Le 27 juillet dernier paraissait, sur le site du Devoir, un texte d’opinion prenant appui sur le retour dans l’actualité de l’arrêt Jordan dans le cadre de l’affaire Normandeau. L’auteur, Bruno Gélinas-Faucher, y soutient que l’arrêt des procédures n’est pas la seule réparation possible après qu’un tribunal a conclu à la violation du droit d’un accusé à être jugé dans un délai raisonnable. Il invite le Directeur des poursuites criminelles et pénales à s’opposer à cette réparation.
Respectueusement, l’arrêt des procédures est la seule réparation possible dans le cadre de l’application du régime mis en place par l’arrêt Jordan. La détermination d’une réparation autre que l’arrêt des procédures aurait des implications beaucoup plus vastes que ce que l’auteur laisse présager.
Si des États européens encadrent différemment le droit à être jugé dans un délai raisonnable, au Canada nous nous sommes inspirés du modèle américain qui, pour assurer le respect du sixième amendement, a prôné la réparation unique par l’arrêt des procédures. L’argument juridique est fort simple : cette violation est continue et le tribunal qui la constate se doit d’y mettre un terme en déclarant l’arrêt des procédures. Agir autrement équivaudrait à perpétrer une violation constitutionnelle.
Depuis trente ans, cette finalité irréversible qu’est l’arrêt des procédures a modulé la manière dont les magistrats canadiens ont envisagé le seuil de la « raisonnabilité » des délais. Personne n’exprime mieux cette réalité que le juge Le Dain qui écrivait, dans l’arrêt Rahey : « Il ne fait pas de doute […] qu’un résultat aussi draconien a inévitablement une influence quand il s’agit de déterminer s’il y a eu violation du droit d’être jugé dans un délai raisonnable. Cela peut bien assurer qu’il faudra des raisons impérieuses pour faire cette détermination, ce qui à mon sens est une bonne chose. »
La finalité est donc indissociable de notre conception du seuil à atteindre pour constituer un délai déraisonnable. Cette conception est incontestablement prise en compte par la Cour suprême lorsque vient le temps d’établir des plafonds objectifs qui incarnent ces « raisons impérieuses ». On le voit dans le texte de l’arrêt Jordan par les nombreuses références directes à l’arrêt des procédures, ainsi que dans l’analyse d’une vaste jurisprudence établie sur le socle de cette réparation unique.

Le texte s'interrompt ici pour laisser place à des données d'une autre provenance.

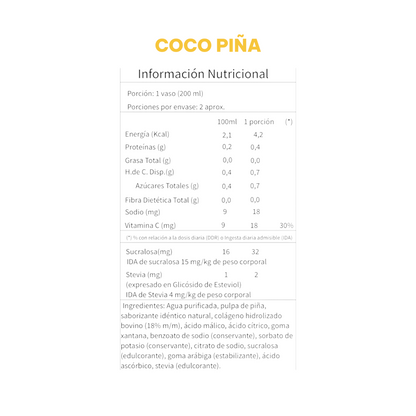 Información del producto JUGO NATURAL + COLÁGENO 473 ML – I LIKE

Si comme le propose Me Gélinas-Faucher, d’autres réparations étaient possibles, elles le seraient à l’extérieur du cadre établi par l’arrêt Jordan. De deux choses l’une : ces autres réparations concerneraient nécessairement des violations moins graves et ne remettraient donc pas en question l’arrêt des procédures selon les plafonds de l’arrêt Jordan ; ensuite elles exigeraient une remise en question du fondement conceptuel de ce qu’est un délai déraisonnable compris non plus comme une violation continue à laquelle le juge doit mettre fin, mais plutôt un facteur qui atténuera la lourdeur de la peine ou qui donnera droit à des dommages et intérêts en cas d’acquittement.

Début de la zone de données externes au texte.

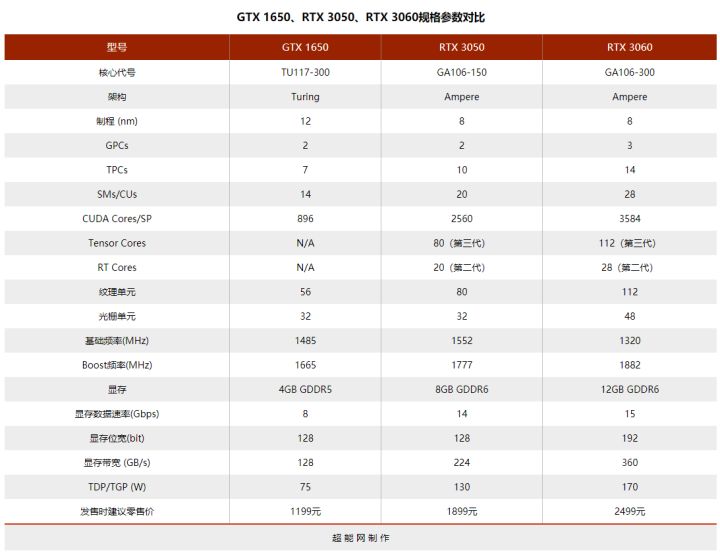 3050ti显卡算高端显卡吗（RTX3050显卡定位）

L’arrêt des procédures est une réparation exceptionnelle, cependant ce n’est pas le nombre d’accusés ayant bénéficié de l’arrêt Jordan qui détermine ce qui est exceptionnel, mais plutôt la longueur du délai. Si l’État viole trop souvent le droit constitutionnel d’obtenir un procès dans des délais raisonnables, c’est à l’État qu’il faut demander des comptes. C’est vrai pour l’affaire Normandeau comme pour toutes les autres.